After breaking away from SWANU, OPO reconstituted itself as the South West Africa People's Organisation (SWAPO) in New York on 19 April 1960, Nujoma was elected president in absentia. He arrived in New York in June 1960 where he petitioned before the Sub Committee of the Fourth Committee of the General Assembly of the United Nations. Nujoma demanded that South West Africa be given its independence by 1963 at the latest. He then returned to Tanganyika in 1961, from where he and a small group of activists would develop SWAPO into an international force. He received support from other African nationalists and received strong backing from Julius Nyerere. Nujoma established SWAPO's Provisional headquarters in Dar es Salaam and arranged scholarships and military training for Namibians who had started to join him there. Among the first arrivals were Mzee Kaukungwa, Mosé Tjitendero and Hifikepunye Pohamba.

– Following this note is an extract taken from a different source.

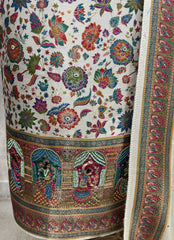 Position Print Banarasi Silk Unstitched Suit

In 1962, SWAPO founded its armed wing, the South West African Liberation Army (SWALA), later renamed the People's Liberation Army of Namibia (PLAN). Nujoma himself procured the first weapons from Algeria via Egypt, Sudan, Tanzania and Zambia, from where they were taken to Omugulugwombashe in Ovamboland. On 21 March 1966, in a bid to test South Africa's claims at the International Court of Justice at the Hague that Namibians in exile were free to return and its assertion that they were in self-imposed exile, Nujoma, accompanied by Hifikepunye Pohamba, chartered a plane to Windhoek. On arrival at the airport, they were arrested and deported to Zambia the next day. On 26 August 1966 the first armed clash between SWALA and the South African security forces took place when paratroopers and police attacked SWALA combatants who had set up a camp at Omugulugwombashe. The attack would mark the beginning of the Namibian War of Independence which would last more than 25 years. In 1969, Nujoma was re-affirmed as SWAPO President at the Tanga Consultative Conference in Tanzania.

In the late 1960s Nujoma continued his diplomatic rounds as SWAPO set up offices across Africa, Europe and the Americas. He represented SWAPO at the founding of the Non-Aligned Movement on 1 September 1961 in Belgrade, Yugoslavia as well as at the founding of the Organization of African Unity (OAU) in Addis Ababa, Ethiopia on 25 May 1963. In 1965, the OAU recognised SWAPO as the only lawful representative of the Namibian people.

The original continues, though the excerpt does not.